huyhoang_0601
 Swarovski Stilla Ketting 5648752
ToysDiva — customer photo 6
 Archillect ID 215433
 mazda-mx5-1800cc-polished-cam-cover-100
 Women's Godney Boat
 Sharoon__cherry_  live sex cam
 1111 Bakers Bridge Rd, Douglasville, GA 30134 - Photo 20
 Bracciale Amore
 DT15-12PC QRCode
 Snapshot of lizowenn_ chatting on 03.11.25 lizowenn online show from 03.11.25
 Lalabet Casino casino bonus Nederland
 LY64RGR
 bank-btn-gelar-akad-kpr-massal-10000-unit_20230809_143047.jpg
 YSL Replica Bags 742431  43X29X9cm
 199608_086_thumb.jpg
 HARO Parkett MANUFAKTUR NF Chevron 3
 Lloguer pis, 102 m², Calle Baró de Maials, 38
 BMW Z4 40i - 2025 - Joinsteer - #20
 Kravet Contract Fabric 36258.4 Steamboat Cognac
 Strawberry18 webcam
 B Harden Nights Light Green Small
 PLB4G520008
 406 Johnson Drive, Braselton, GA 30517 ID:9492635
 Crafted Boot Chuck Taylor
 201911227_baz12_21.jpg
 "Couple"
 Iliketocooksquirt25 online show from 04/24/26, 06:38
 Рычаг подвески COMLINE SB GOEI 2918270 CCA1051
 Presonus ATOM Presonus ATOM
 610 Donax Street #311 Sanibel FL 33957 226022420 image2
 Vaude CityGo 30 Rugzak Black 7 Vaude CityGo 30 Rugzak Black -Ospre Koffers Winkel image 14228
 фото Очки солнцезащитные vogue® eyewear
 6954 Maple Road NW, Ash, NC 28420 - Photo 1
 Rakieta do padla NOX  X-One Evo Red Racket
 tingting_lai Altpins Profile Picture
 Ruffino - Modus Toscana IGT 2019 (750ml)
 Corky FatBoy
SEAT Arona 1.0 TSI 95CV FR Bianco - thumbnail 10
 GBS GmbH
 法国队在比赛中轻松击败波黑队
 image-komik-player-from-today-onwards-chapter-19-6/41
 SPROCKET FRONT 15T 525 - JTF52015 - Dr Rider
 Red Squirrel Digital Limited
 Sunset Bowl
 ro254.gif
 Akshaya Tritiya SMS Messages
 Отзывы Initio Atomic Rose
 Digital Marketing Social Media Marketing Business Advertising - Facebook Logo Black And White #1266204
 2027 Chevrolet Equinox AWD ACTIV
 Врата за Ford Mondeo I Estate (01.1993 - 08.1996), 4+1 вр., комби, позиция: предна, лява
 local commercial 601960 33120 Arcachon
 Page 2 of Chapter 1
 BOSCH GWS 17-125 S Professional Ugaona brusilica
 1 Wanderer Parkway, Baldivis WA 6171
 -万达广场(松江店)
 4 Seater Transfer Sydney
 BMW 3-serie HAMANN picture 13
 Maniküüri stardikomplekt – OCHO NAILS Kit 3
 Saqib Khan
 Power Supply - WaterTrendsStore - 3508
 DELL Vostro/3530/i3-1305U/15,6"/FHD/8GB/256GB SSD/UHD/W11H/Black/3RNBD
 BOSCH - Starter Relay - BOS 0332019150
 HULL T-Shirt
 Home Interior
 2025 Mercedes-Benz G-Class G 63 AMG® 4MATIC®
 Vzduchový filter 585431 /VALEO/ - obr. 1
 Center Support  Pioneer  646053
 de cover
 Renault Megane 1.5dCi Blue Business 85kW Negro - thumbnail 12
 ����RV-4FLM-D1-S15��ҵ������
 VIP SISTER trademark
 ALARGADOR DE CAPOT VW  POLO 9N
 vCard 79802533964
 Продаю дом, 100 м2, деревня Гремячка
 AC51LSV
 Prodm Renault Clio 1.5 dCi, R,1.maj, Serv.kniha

★ ★ ★ ★

Your task is to restate every record exactly.

huyhoang_0601
 Swarovski Stilla Ketting 5648752
ToysDiva — customer photo 6
 Archillect ID 215433
 mazda-mx5-1800cc-polished-cam-cover-100
 Women's Godney Boat
 Sharoon__cherry_  live sex cam
 1111 Bakers Bridge Rd, Douglasville, GA 30134 - Photo 20
 Bracciale Amore
 DT15-12PC QRCode
 Snapshot of lizowenn_ chatting on 03.11.25 lizowenn online show from 03.11.25
 Lalabet Casino casino bonus Nederland
 LY64RGR
 bank-btn-gelar-akad-kpr-massal-10000-unit_20230809_143047.jpg
 YSL Replica Bags 742431  43X29X9cm
 199608_086_thumb.jpg
 HARO Parkett MANUFAKTUR NF Chevron 3
 Lloguer pis, 102 m², Calle Baró de Maials, 38
 BMW Z4 40i - 2025 - Joinsteer - #20
 Kravet Contract Fabric 36258.4 Steamboat Cognac
 Strawberry18 webcam
 B Harden Nights Light Green Small
 PLB4G520008
 406 Johnson Drive, Braselton, GA 30517 ID:9492635
 Crafted Boot Chuck Taylor
 201911227_baz12_21.jpg
 "Couple"
 Iliketocooksquirt25 online show from 04/24/26, 06:38
 Рычаг подвески COMLINE SB GOEI 2918270 CCA1051
 Presonus ATOM Presonus ATOM
 610 Donax Street #311 Sanibel FL 33957 226022420 image2
 Vaude CityGo 30 Rugzak Black 7 Vaude CityGo 30 Rugzak Black -Ospre Koffers Winkel image 14228
 фото Очки солнцезащитные vogue® eyewear
 6954 Maple Road NW, Ash, NC 28420 - Photo 1
 Rakieta do padla NOX  X-One Evo Red Racket
 tingting_lai Altpins Profile Picture
 Ruffino - Modus Toscana IGT 2019 (750ml)
 Corky FatBoy
SEAT Arona 1.0 TSI 95CV FR Bianco - thumbnail 10
 GBS GmbH
 法国队在比赛中轻松击败波黑队
 image-komik-player-from-today-onwards-chapter-19-6/41
 SPROCKET FRONT 15T 525 - JTF52015 - Dr Rider
 Red Squirrel Digital Limited
 Sunset Bowl
 ro254.gif
 Akshaya Tritiya SMS Messages
 Отзывы Initio Atomic Rose
 Digital Marketing Social Media Marketing Business Advertising - Facebook Logo Black And White #1266204
 2027 Chevrolet Equinox AWD ACTIV
 Врата за Ford Mondeo I Estate (01.1993 - 08.1996), 4+1 вр., комби, позиция: предна, лява
 local commercial 601960 33120 Arcachon
 Page 2 of Chapter 1
 BOSCH GWS 17-125 S Professional Ugaona brusilica
 1 Wanderer Parkway, Baldivis WA 6171
 -万达广场(松江店)
 4 Seater Transfer Sydney
 BMW 3-serie HAMANN picture 13
 Maniküüri stardikomplekt – OCHO NAILS Kit 3
 Saqib Khan
 Power Supply - WaterTrendsStore - 3508
 DELL Vostro/3530/i3-1305U/15,6"/FHD/8GB/256GB SSD/UHD/W11H/Black/3RNBD
 BOSCH - Starter Relay - BOS 0332019150
 HULL T-Shirt
 Home Interior
 2025 Mercedes-Benz G-Class G 63 AMG® 4MATIC®
 Vzduchový filter 585431 /VALEO/ - obr. 1
 Center Support  Pioneer  646053
 de cover
 Renault Megane 1.5dCi Blue Business 85kW Negro - thumbnail 12
 ����RV-4FLM-D1-S15��ҵ������
 VIP SISTER trademark
 ALARGADOR DE CAPOT VW  POLO 9N
 vCard 79802533964
 Продаю дом, 100 м2, деревня Гремячка
 AC51LSV
 Prodm Renault Clio 1.5 dCi, R,1.maj, Serv.kniha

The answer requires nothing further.